- _Work to complete_:
From the line containing "Coque de téléphone" down to the last line of the entries, print each line exactly and leave the pictures out.

Crawled caption data:
----
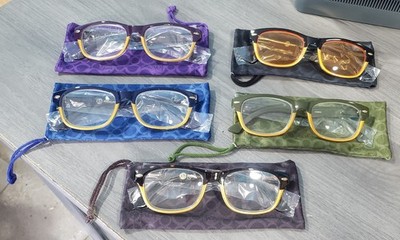 SET OF 5 JOY MANGANO +3.50 READERS W/ CARRY POUCH, BLACK/BROWN/BLUE/PURPLE/GREEN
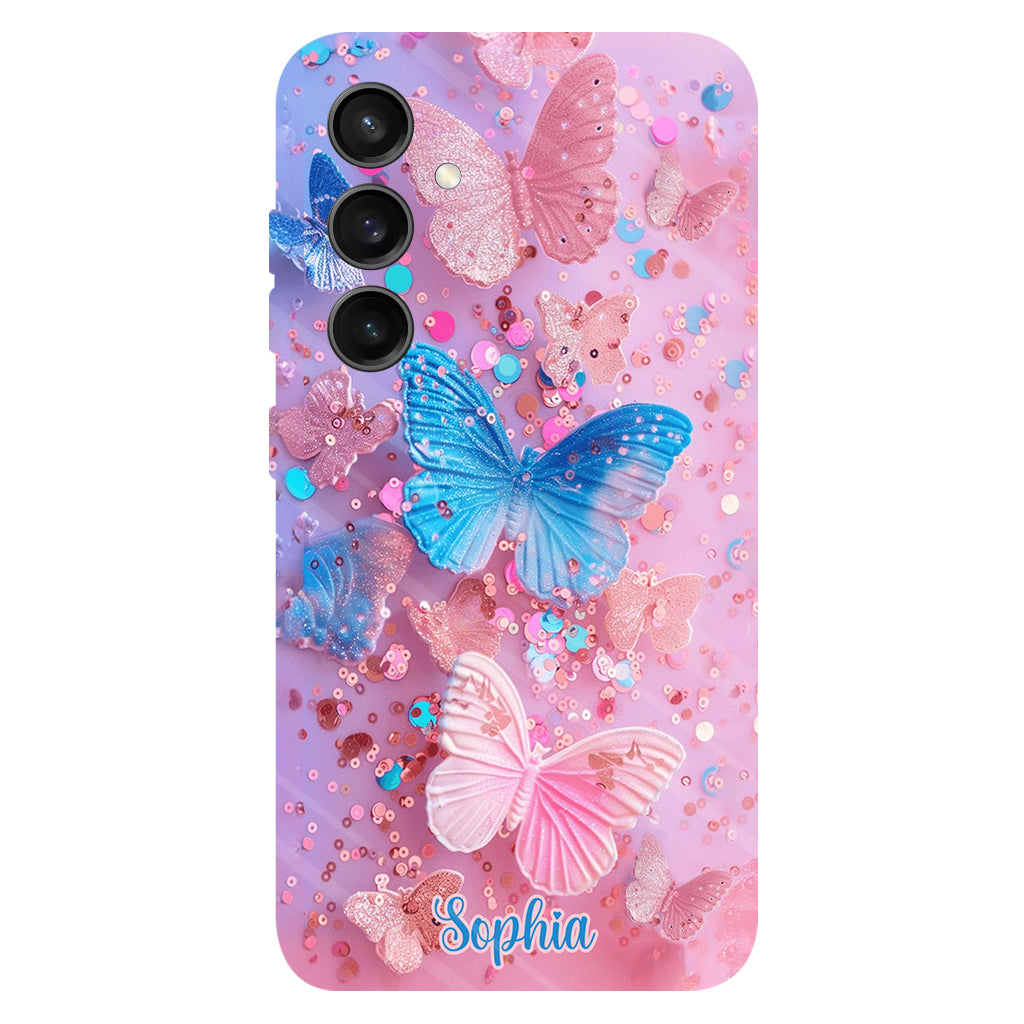 Coque de téléphone personnalisée avec motif papillon scintillant - Papillons scintillants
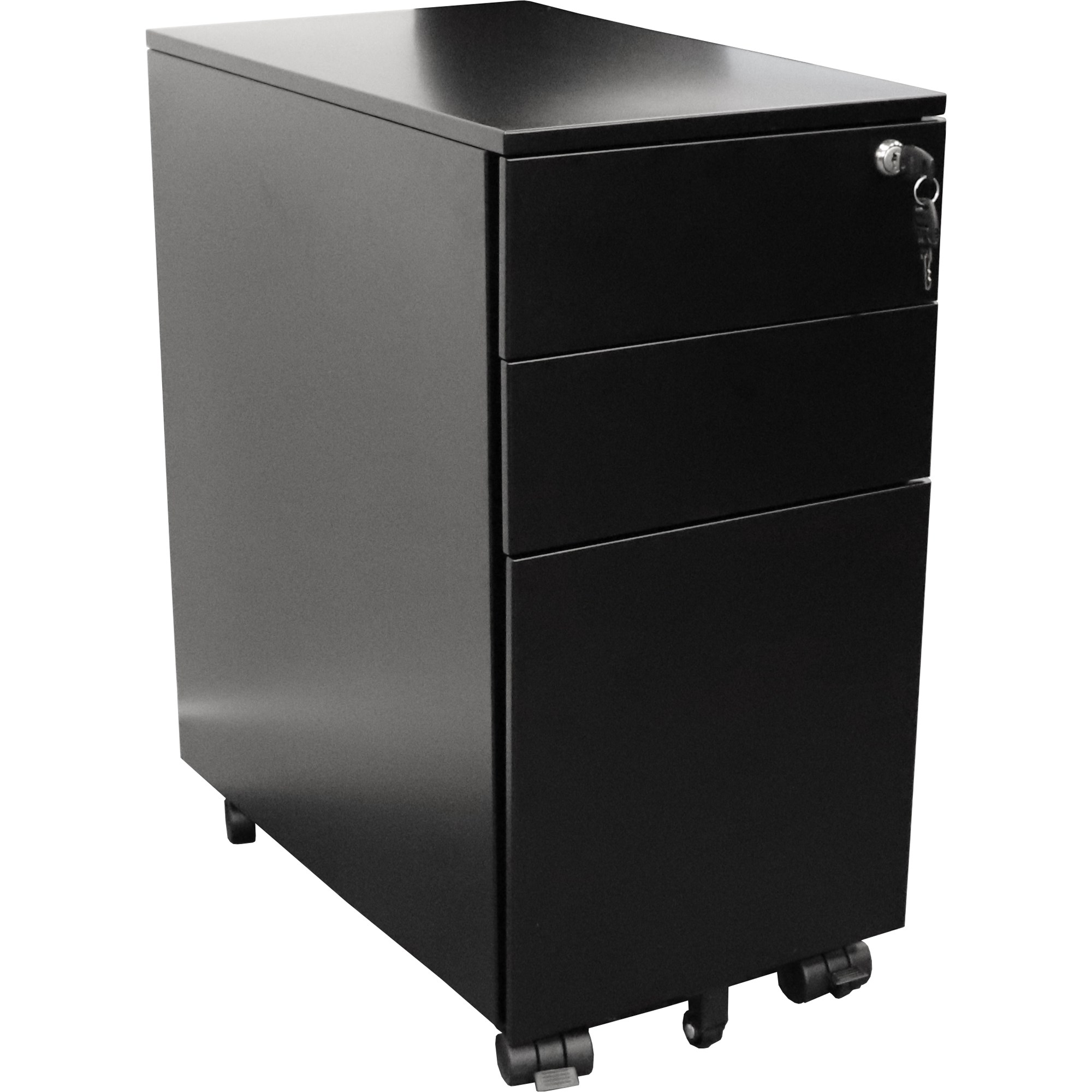 Rapidline Go Steel Slimline Mobile Pedestal 2 Drawer 1 File 300Wx475Dx610mmH Black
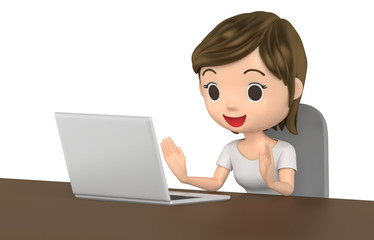 3D illustration character - A woman wearing a T-shirt explains.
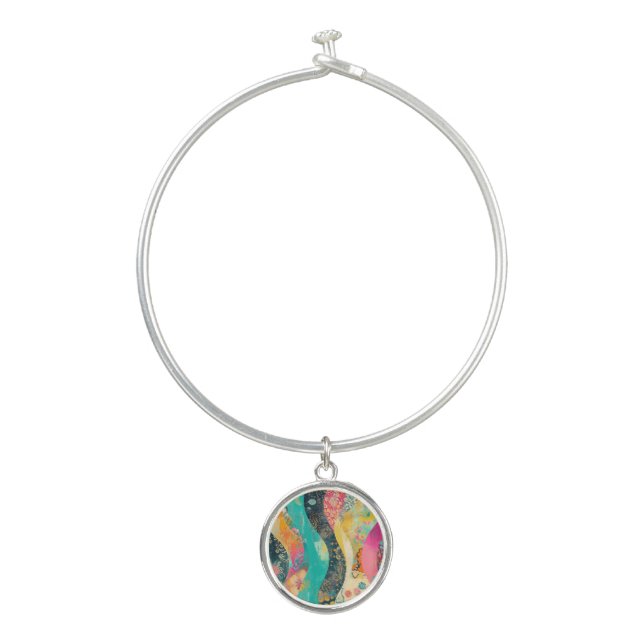 Colorful Flowers Wave Bangle Bracelet (Front)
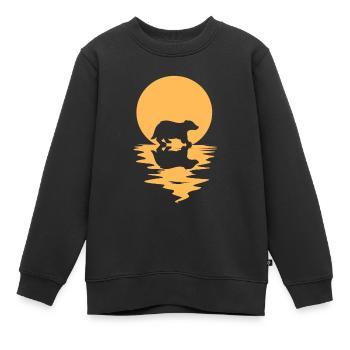 Blaireau - Sweat Premium enfant bio - noir - Devant - AI Model Kid Female (0cm)
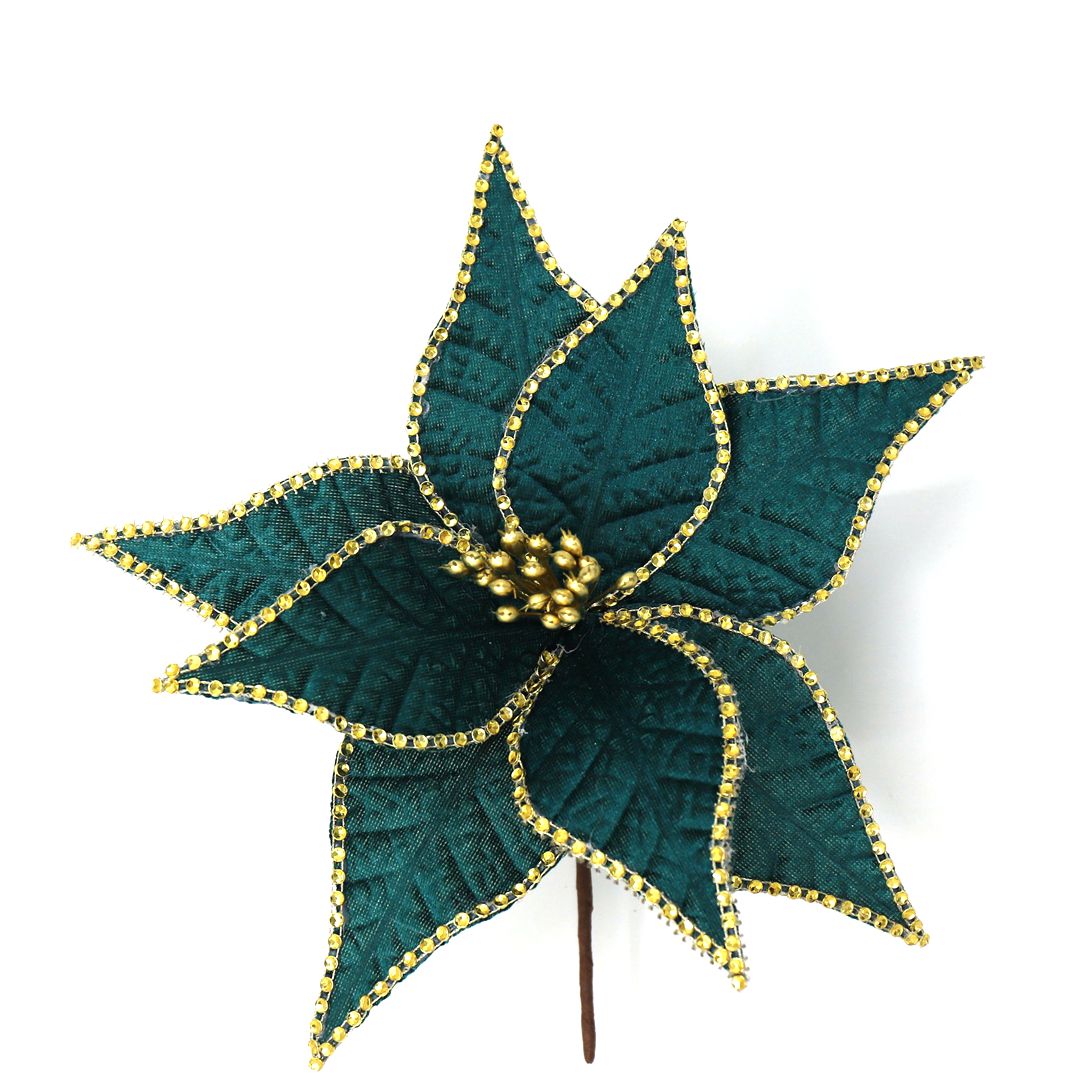 GREEN GOLD TRIM POINSETTIA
----
- _Solved exercise_:
 Coque de téléphone personnalisée avec motif papillon scintillant - Papillons scintillants
 Rapidline Go Steel Slimline Mobile Pedestal 2 Drawer 1 File 300Wx475Dx610mmH Black
 3D illustration character - A woman wearing a T-shirt explains.
 Colorful Flowers Wave Bangle Bracelet (Front)
 Blaireau - Sweat Premium enfant bio - noir - Devant - AI Model Kid Female (0cm)
 GREEN GOLD TRIM POINSETTIA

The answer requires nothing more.